Asset description reverse sync Package enables users to reverse-sync updated descriptions of assets from Atlan back to Snowflake by adding them as comments on the corresponding objects within Snowflake. This package provides a stored procedure that users can execute to update the comments on Snowflake objects for offline mode. For the online mode user just need to configure the ui and everything else is taken care by workflow.

In-Scope: Snowflake

Mode: Offline, Online(Direct)

Prerequisites

  • Things to note before running the workflow

    Important

    • Atlan must be the sole platform for managing data asset descriptions. Using alternative methods to add descriptions may result in loss of content due to overwrites.
    • Ensure that the view definitions in Atlan are latest if descriptions of View Columns are to be enriched.
  • To successfully execute the artifacts generated by this package on Snowflake, the Snowflake user-account performing the operation must have the necessary roles and permissions to update Comments on the relevant Snowflake objects.

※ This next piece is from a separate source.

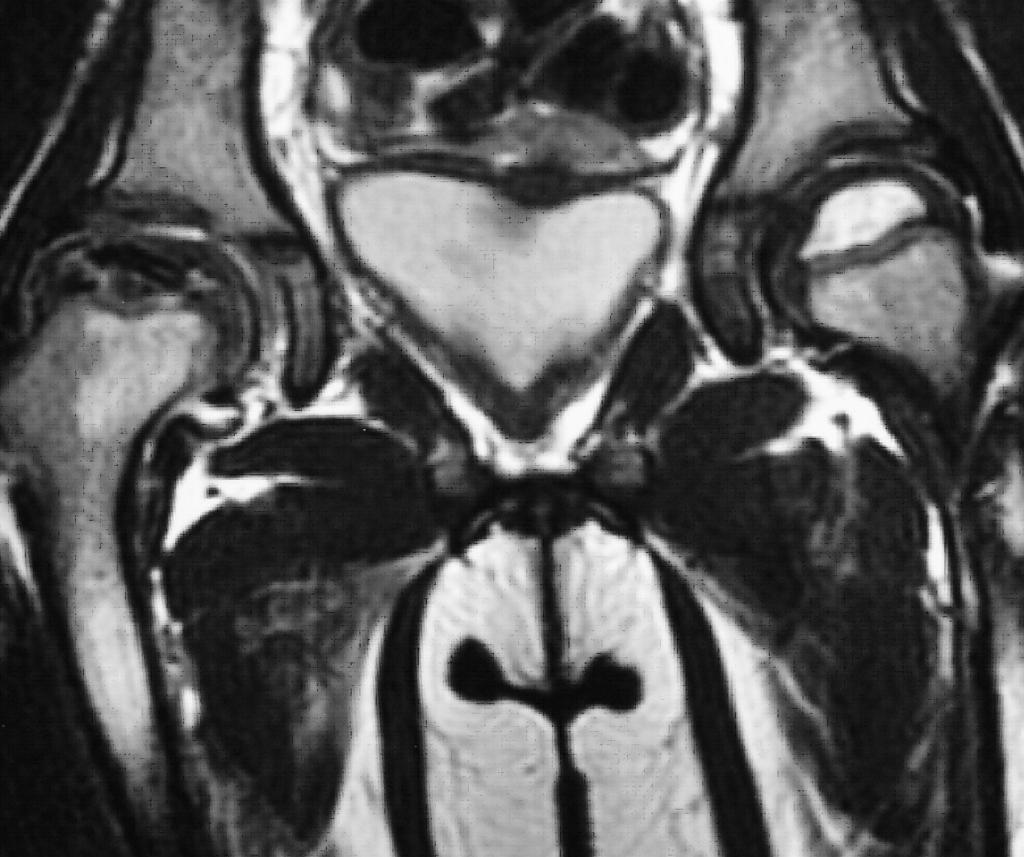 [4,5] Outros sinais imagiológicos também observados na Ressonância Magnética são: derrame articular, perda da esfericidade da cabeça femural e incongruência acetabular (Fig. 10).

  • The snowflake.account_usage.<object-type-view-name>.<object-type>_owner column must not be empty for successfully updating comments for objects. Objects can include tables, schemas, databases, functions, etc. For example, you can use the following query to check the owner of a table -
    select table_name, table_owner from snowflake.account_usage.views  where table_catalog = '<yourDatabaseName>';
    
  • To retrieve all roles possessed by a given user, run the SQL below on Snowflake.
    SELECT REPLACE(VALUE, '"') as CURRENT_ROLE FROM TABLE(FLATTEN(input => PARSE_JSON(CURRENT_AVAILABLE_ROLES())))
    
  • To grant OWNERSHIP privileges on an object to an existing role, run the SQL below on Snowflake.
    GRANT OWNERSHIP ON '<object_type>' '<object_name>' TO ROLE '<role_name>' COPY CURRENT GRANTS;
    
  • Things to note before running the workflow in online mode.
  • Make sure the User and Role used for crawling the connection have permission to create and update objects in Snowflake, as the Argo workflow uses stored credential GUIDs to perform the update if you plan to use existing connection credentials.
  • If the stored user does not have the required permissions, you can provide new credentials for the existing connection by selecting the connection type as New.

Configuration

  • Workflow Name - Enter a unique name to help you quickly recognise and manage your custom workflow.
  • Connection Type - Select New if you want the connection to use new credential details that are not part of an existing Snowflake crawler; otherwise, select Existing.
  • Mode - Choose whether you want to perform an online sync or an offline sync..
  • Output - If Preview is selected, all the .sql files will be generated, allowing the user to validate whether the sync will be correct. Once you're confident with the results, you can proceed by selecting Sync.

Filter

This screen allows to apply filters on the asset. Each filterable attribute has an operator and a value. The operator is always a dropdown menu while the value can be either a dropdown or a free text field. The package considers the filter only if both the operator and the value are filled. The available filters are: - Connection - Select the connection whose description you want to sync inside snowflake. - Asset Type - Qualified Name - Unique Identifier

  • Recompile Views? - If YES is selected, the workflow updates descriptions for Columns in Views. This requires recompiling the updated view definition SQL, potentially resulting in brief unavailability of the impacted views. If NO is selected, the workflow won't update descriptions for Columns in Views.
  • Run Interval - Select the time interval in which the user-description was updated on Atlan for the selected assets.
  • Dry run - Need to dry run before making any updated to the objects.

Audit trail

Database Name and Schema Name are used to create two types of tables during the execution of the stored procedure:

  • tbl_atlan_reverse_sync_inventory - This table is created to store intermediate data required for updating comments and is deleted immediately after the operation is completed. This approach helps manage temporary data efficiently without leaving any persistent footprint in the database.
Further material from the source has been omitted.